The Basic Formula Explained
- Break-even point
- The number of months needed for cumulative interest savings to offset all fees incurred to break and replace a mortgage. Once this threshold is reached, each additional month represents a net saving for the borrower.
The simplified formula is: Break-even in months = Total exit cost / Net monthly savings. The total exit cost includes the prepayment penalty (IRD or 3 months' interest), notary fees, appraisal fees, discharge fees, and any other related costs. The net monthly savings is the difference between the current interest payment and the interest payment at the new rate, calculated on the same balance.
Concrete Example for a Quebec Borrower
- Current situation: A $350,000 mortgage at a fixed rate of 5.50%, 5-year term with 36 months remaining. Monthly interest payment: approximately $1,604. The current lender is a major Canadian bank.
- New scenario: New fixed rate offered at 4.25% over 3 years. Monthly interest payment: approximately $1,240. Monthly savings: approximately $364 in pure interest.
- Exit costs: Estimated IRD penalty: $6,800. Notary fees: $1,500. Appraisal fees: $450. Discharge fees: $350. Total: $9,100.
- Break-even calculation: $9,100 / $364 per month = 25 months. Since the new term is 36 months, the borrower will save for 11 months after reaching break-even, representing approximately $4,004 in net savings.
Pitfalls of the Simplified Calculation
Many borrowers make the mistake of considering only the penalty in their calculation, overlooking ancillary fees that can represent an additional $2,000 to $3,000. Others forget that monthly savings are not constant — they decrease slightly each month as the principal balance is repaid. Finally, the calculation should ideally account for the fact that money used to pay the penalty could have been invested elsewhere (opportunity cost).
When Does the Break-Even Indicate It May Not Be Advisable to Break?
- When the break-even exceeds the months remaining in your current term: you will not recover costs before the next renewal.
- When the break-even exceeds your holding horizon: if you plan to sell in 18 months and the break-even is 24 months, breaking is not profitable.
- When the rate difference is small (less than 0.50%): fixed costs (notary, appraisal) make refinancing uneconomical on small spreads.
- When you are near the end of your term (6 months or less): waiting for renewal completely eliminates the penalty.
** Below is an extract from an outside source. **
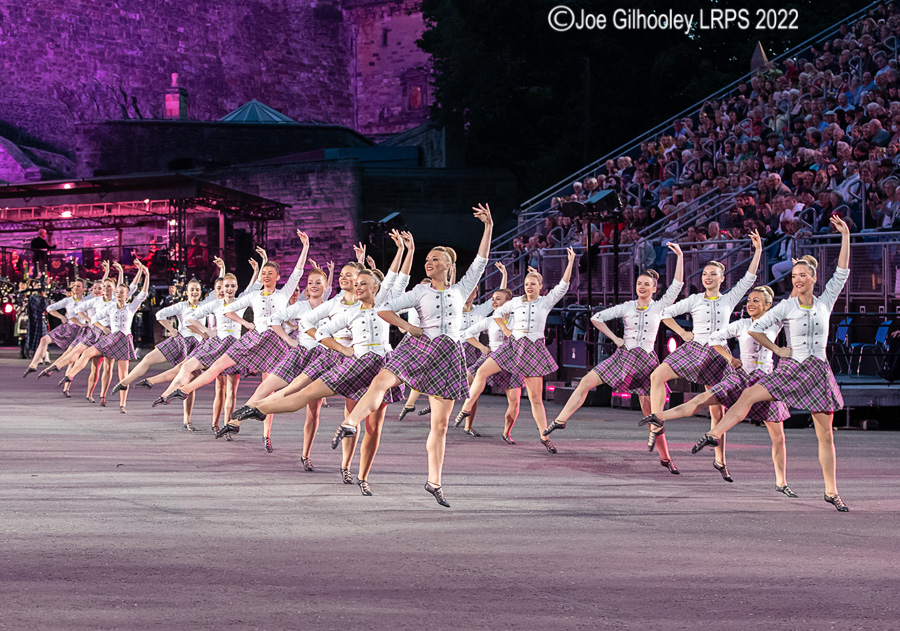 Royal Edinburgh Military Tattoo 2022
The Mortgage Broker's Role in Break-Even Analysis
In Quebec, the mortgage broker certified by the AMF under the LDPSF has a professional obligation to provide you with an objective analysis before recommending a refinance. This analysis must include the break-even calculation, an estimate of all penalties and fees, and a comparison between the refinancing scenario and waiting for renewal. The broker must also document this analysis in the client file. If your broker pushes you to refinance without having prepared this analysis, they are failing their regulatory obligations. Do not hesitate to request the numbers in writing before making your decision.